Directions for this task =>
Gather all lines from the material that contain the word "Photo".

:: Available data ::

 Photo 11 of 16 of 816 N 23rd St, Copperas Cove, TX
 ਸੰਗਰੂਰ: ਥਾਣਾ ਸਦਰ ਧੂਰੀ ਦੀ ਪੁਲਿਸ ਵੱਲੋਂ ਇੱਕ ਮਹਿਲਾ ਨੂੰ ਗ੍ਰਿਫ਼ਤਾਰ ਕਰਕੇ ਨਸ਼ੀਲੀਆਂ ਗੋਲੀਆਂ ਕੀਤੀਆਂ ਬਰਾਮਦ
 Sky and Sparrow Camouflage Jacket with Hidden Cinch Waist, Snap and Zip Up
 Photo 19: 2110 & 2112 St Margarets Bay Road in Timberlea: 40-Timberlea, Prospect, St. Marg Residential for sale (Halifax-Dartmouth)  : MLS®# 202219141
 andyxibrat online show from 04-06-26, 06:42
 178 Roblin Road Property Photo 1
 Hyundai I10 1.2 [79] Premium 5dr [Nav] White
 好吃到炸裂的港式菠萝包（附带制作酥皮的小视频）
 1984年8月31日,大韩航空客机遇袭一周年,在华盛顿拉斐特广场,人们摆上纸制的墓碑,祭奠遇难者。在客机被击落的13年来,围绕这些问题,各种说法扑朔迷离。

:::

Written response =>
 Photo 11 of 16 of 816 N 23rd St, Copperas Cove, TX
 Photo 19: 2110 & 2112 St Margarets Bay Road in Timberlea: 40-Timberlea, Prospect, St. Marg Residential for sale (Halifax-Dartmouth)  : MLS®# 202219141
 178 Roblin Road Property Photo 1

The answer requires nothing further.